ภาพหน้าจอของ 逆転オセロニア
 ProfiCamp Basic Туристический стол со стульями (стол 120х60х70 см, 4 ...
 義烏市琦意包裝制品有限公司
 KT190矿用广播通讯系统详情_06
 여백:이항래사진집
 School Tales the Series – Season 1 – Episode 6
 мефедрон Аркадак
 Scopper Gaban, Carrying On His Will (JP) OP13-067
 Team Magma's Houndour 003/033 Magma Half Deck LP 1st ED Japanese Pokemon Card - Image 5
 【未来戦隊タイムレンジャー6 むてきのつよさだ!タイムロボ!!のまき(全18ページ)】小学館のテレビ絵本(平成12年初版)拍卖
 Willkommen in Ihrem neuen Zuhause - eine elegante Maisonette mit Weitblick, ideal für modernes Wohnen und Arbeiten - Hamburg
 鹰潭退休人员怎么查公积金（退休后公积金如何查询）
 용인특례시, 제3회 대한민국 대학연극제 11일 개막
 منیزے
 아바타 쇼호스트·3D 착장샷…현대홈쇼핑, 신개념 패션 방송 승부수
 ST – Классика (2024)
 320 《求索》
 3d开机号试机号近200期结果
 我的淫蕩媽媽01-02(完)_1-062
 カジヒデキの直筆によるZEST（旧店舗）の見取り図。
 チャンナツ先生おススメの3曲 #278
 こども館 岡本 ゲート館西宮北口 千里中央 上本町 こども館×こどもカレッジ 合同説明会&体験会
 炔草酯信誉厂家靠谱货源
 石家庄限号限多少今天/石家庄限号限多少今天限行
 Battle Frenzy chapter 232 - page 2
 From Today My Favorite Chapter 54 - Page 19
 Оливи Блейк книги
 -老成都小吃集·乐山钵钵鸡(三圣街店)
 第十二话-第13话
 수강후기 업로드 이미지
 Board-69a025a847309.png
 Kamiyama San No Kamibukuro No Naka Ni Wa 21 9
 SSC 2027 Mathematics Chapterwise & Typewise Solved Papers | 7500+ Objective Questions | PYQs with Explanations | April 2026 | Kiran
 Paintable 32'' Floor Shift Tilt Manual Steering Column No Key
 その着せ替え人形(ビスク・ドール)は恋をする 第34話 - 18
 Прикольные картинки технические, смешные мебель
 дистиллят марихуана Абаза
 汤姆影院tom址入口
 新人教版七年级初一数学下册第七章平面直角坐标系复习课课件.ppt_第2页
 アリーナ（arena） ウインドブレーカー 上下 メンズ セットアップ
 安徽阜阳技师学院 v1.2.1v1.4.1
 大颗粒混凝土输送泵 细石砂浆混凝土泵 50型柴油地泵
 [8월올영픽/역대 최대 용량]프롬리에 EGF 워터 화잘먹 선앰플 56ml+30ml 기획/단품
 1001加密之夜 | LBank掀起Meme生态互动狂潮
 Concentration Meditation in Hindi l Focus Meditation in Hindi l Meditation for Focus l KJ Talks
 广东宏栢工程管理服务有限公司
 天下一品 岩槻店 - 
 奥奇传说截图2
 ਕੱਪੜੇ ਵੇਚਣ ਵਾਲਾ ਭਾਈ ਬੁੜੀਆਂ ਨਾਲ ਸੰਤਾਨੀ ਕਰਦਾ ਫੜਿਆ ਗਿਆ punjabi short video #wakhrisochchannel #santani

## BRIEF
Reproduce precisely, and with no line left out, each line from the top of the entries through the line that carries "Team Magma's Houndour".

## RESPONSE BOX
ภาพหน้าจอของ 逆転オセロニア
 ProfiCamp Basic Туристический стол со стульями (стол 120х60х70 см, 4 ...
 義烏市琦意包裝制品有限公司
 KT190矿用广播通讯系统详情_06
 여백:이항래사진집
 School Tales the Series – Season 1 – Episode 6
 мефедрон Аркадак
 Scopper Gaban, Carrying On His Will (JP) OP13-067
 Team Magma's Houndour 003/033 Magma Half Deck LP 1st ED Japanese Pokemon Card - Image 5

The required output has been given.